**DATASET:**

● ● ● ●

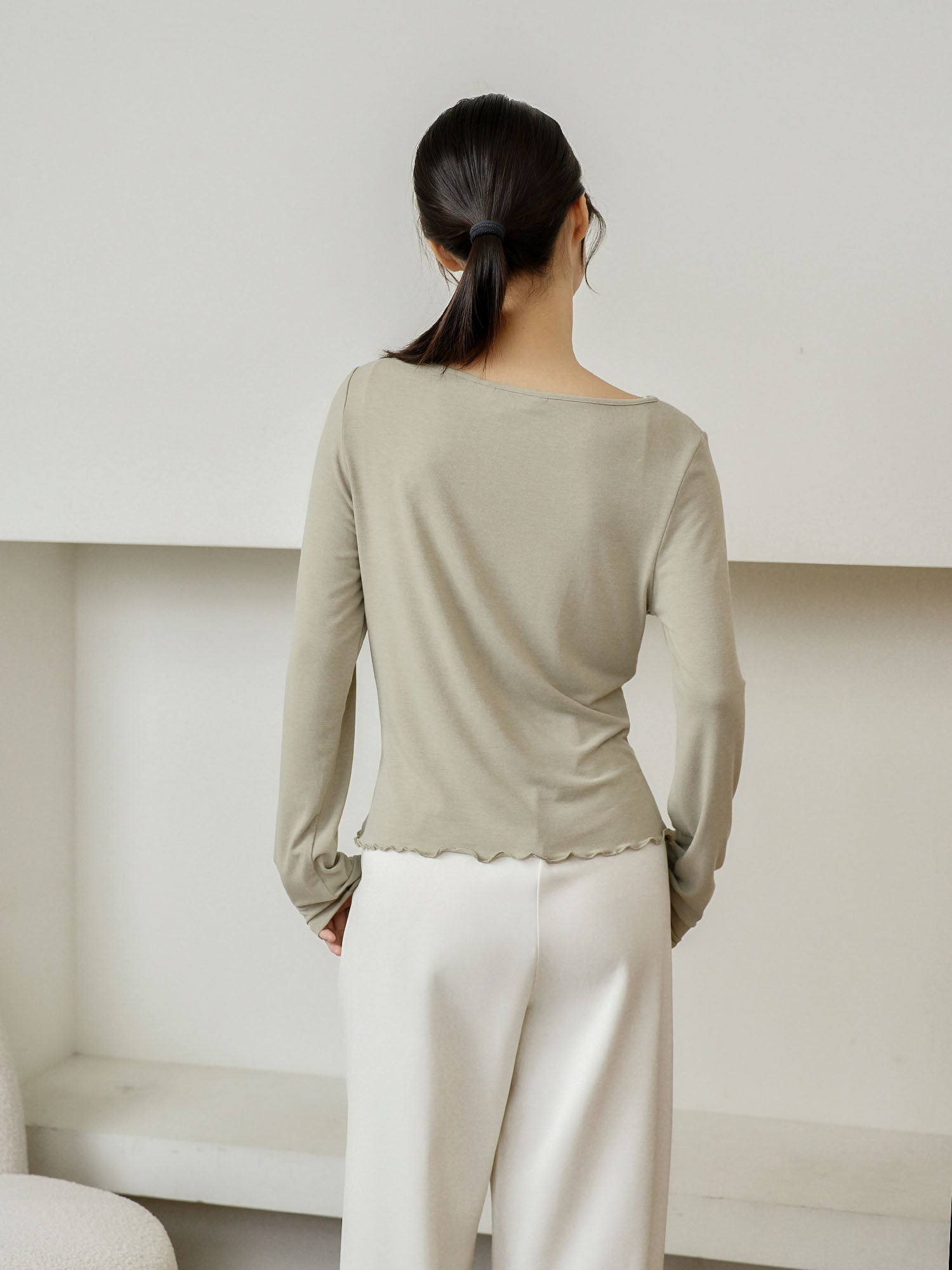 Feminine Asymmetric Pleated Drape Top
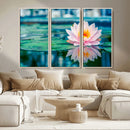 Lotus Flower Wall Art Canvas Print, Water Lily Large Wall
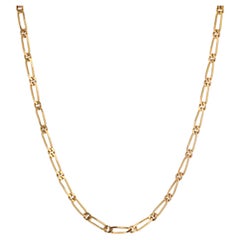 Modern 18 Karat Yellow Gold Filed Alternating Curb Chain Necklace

● ● ● ●

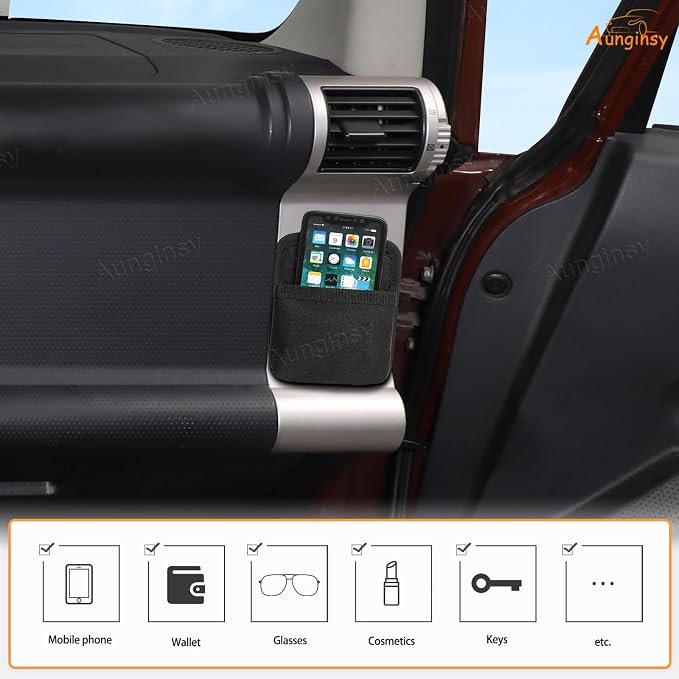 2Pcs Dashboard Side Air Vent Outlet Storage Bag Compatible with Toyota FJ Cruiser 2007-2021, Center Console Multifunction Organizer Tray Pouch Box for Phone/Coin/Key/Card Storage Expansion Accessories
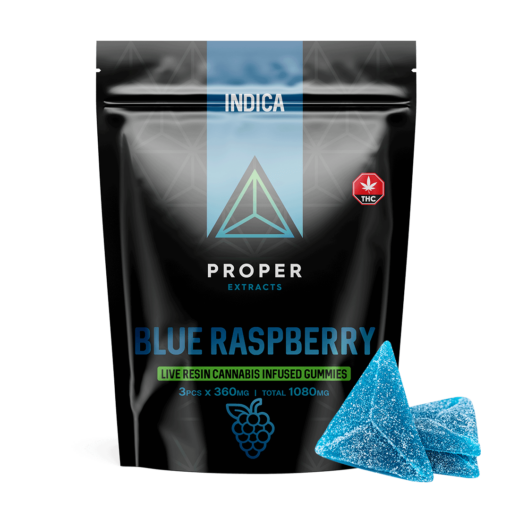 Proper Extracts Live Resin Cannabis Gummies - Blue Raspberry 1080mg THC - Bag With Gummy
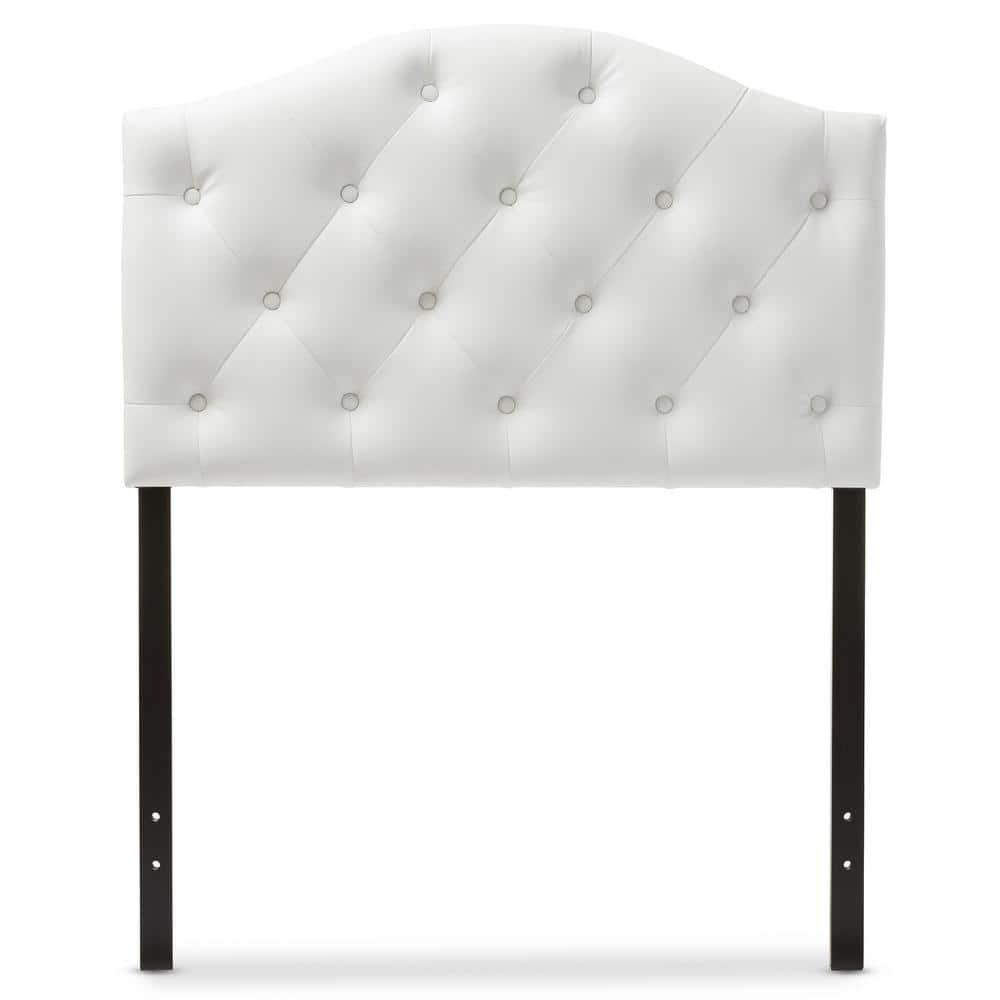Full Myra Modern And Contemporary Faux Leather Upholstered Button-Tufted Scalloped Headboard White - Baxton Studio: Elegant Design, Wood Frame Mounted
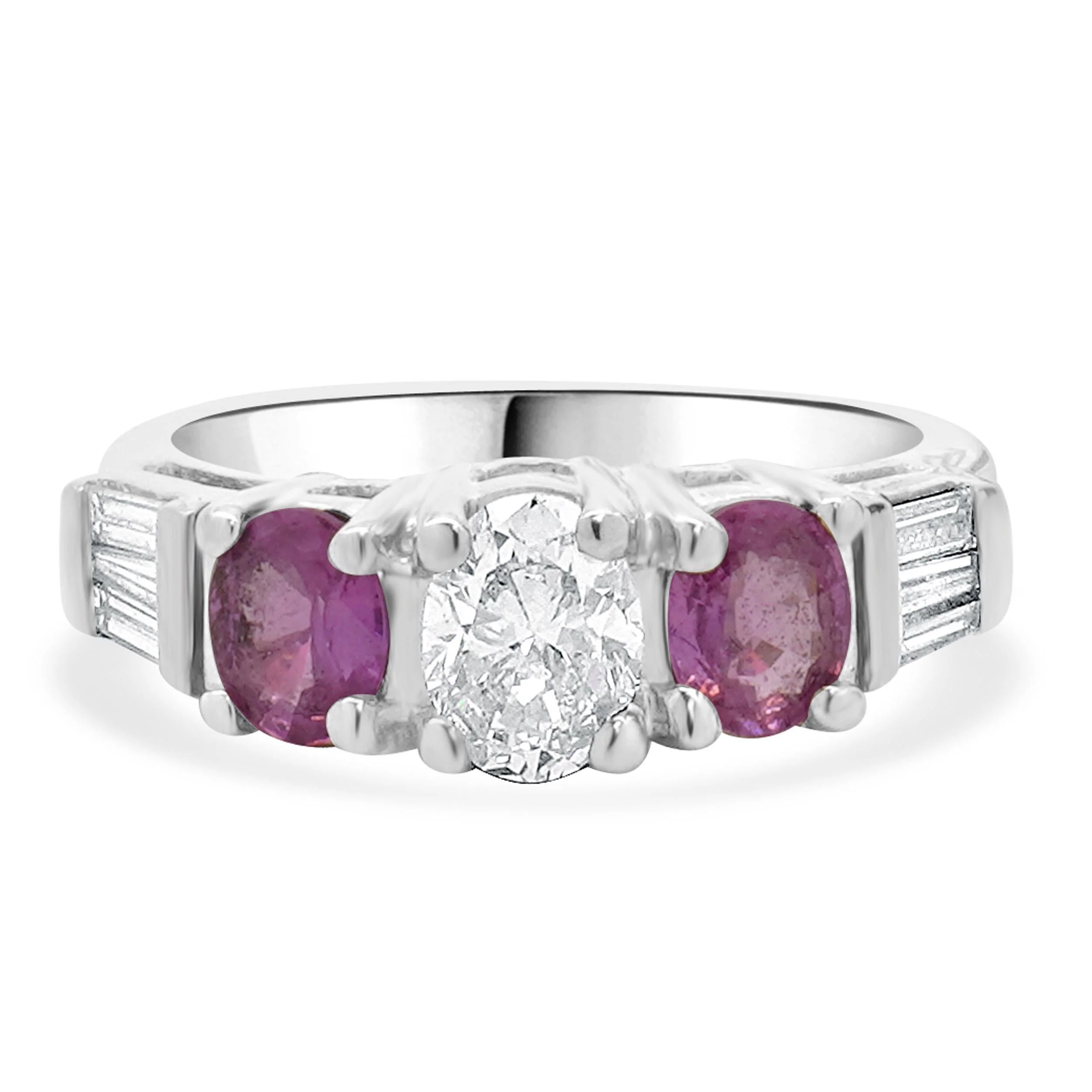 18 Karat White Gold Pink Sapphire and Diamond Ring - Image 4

● ● ● ●

Given the records above, return the lines starting at the one that holds "Feminine Asymmetric Pleated Drape Top" and ending at the one that holds "Modern 18 Karat", exactly, and nothing besides; leave every picture out.

**OUTPUT:**
 Feminine Asymmetric Pleated Drape Top
 Lotus Flower Wall Art Canvas Print, Water Lily Large Wall
 Modern 18 Karat Yellow Gold Filed Alternating Curb Chain Necklace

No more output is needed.